Wakarusa is getting ready to take Ozark by storm once again. It is a festival guaranteed to ask no quarter and give none. This will be my fourth year attending Wakarusa in Ozark, Arkansas and I must say I am quite excited for this year. The number of patrons has increased steadily over these past few years and this year will by far be the largest. Thousands of young ragers will show up and will not be disappointed to say the very least. Music is scheduled from early afternoon all the way into the wee hours of the morning for that extra hard core of Wakarusians. Also for those that somehow manage to wake up early of their own accord (sun permitting) there is yoga and all other types of group activities scheduled for the morning hours. This year’s lineup is pretty enticing. While not as solid as I have seen in the past, the diversity makes up for it with ease. From heavy hitters like Primus all the way to jam savants Umphrey’s McGee, dub/house/electro on steroids EOTO, and smaller but well known bluegrass band Railroad Earth. Also included is just about every variation of electronica music on the scene today. Even That 1 Guy known for being able to play just about anything including a boot. You can go catch Hot Buttered Rum’s smooth bluegrass sound and jump straight into Primus with Claypool’s frenetic bass lines then into EOTO’s filthy dubstep whomp. The possibilities are quite mouthwatering, and I’m sure many of my fellow festival goers will agree. There are many tents and stages provided by Wakarusa. There is the Satellite stage (for more electronica based artists), the Outpost (for smaller artists not quite big enough for the Revival tent). The Revival tent is for fairly well known acts of all genres. Sometimes a band that played the Mainstage their first night will play the Revival their second. The Mainstage is of course for the largest acts. It boasts a much bigger setup than past years and I assume will be bigger this year than last. The sound system is also quite impressive. Guaranteed to assault you with only the deepest psyche-penetrating bass and soaring melodies. I prefer this festival over one such as Bonnaroo, because you get the music and intimate environment without the hordes of people and hassle. Wakarusa is a far cry from the commercial Manchester-based festival.

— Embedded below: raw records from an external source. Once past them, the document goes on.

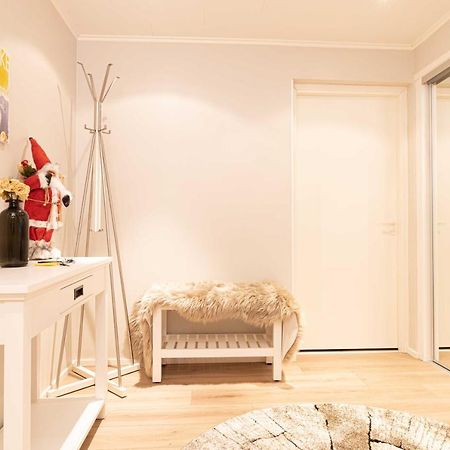 Apartment Rovakatu D28 Rovaniemi Ngoại thất bức ảnh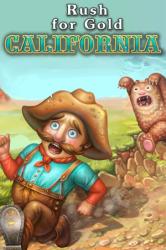Rainbow Games Rush for Gold California (PC)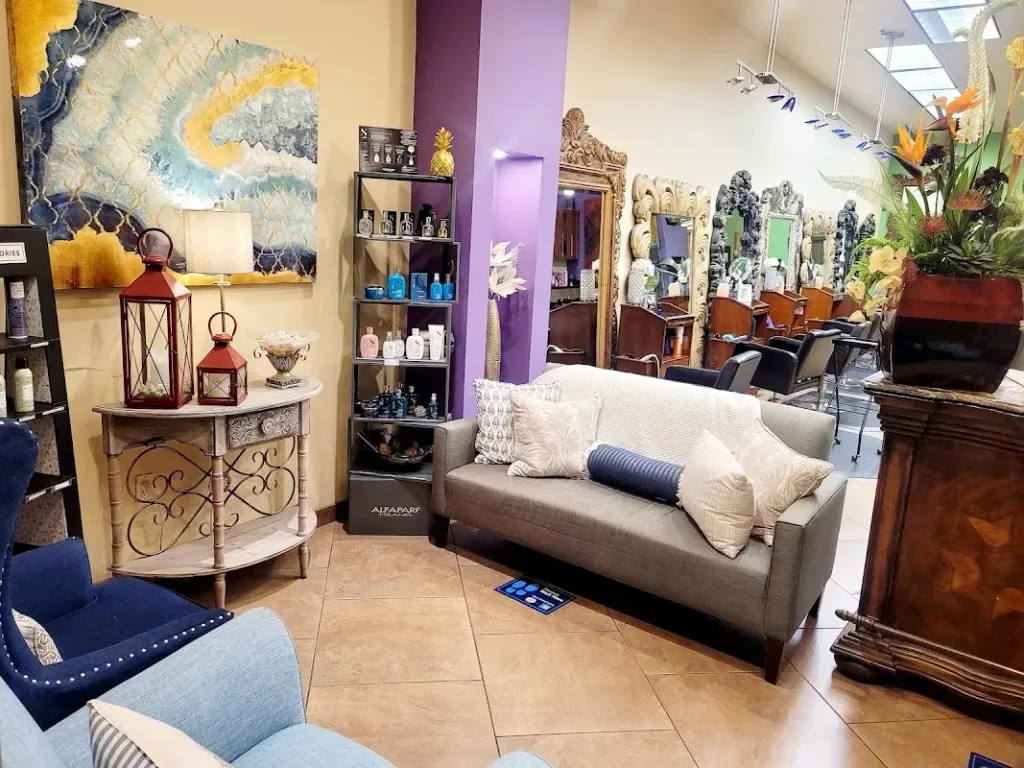 FLIRT Salon — Hair salon in Chandler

A very important component of this whole experience is the surrounding nature. Ozark is one of the most beautiful places in all of Arkansas, and the mountaintop does not fail to capture a perfect taste of it. Festival goers can journey to a river down the highway south of the mainstage area to enjoy a cool refreshing dip, which provides much needed asylum from the harsh June sun. Also closer by (but a heck of a walk back uphill) is the waterfall that has become very popular over the past four years. There are various camping locations scattered over the mountaintop. The primary and most convenient (and expensive) is mainstage camping, the second closest is Westwoods across the highway. The furthest away would be satellite camping. Bus transportation will be provided for those of us camping in satellite. This service has been much improved over the past few years as it used to be a mad dash to even clamor aboard a bus. I expect this year to be go much more smoothly despite the larger crowd. They have had much experience and learned many a lesson these past few years. All this being said, I highly recommend this festival to every jam band aficionado. Even those that are green to the festival scene. This festival provides a smooth transition into such an environment. Most people are spontaneous and caring, and are not afraid to lend a hand or advice. I forsee many being converted this year to smaller festivals. As the vibe and overall atmosphere is much more palatable than that of Bonnaroo or Hangout.
See you on the mountaintop!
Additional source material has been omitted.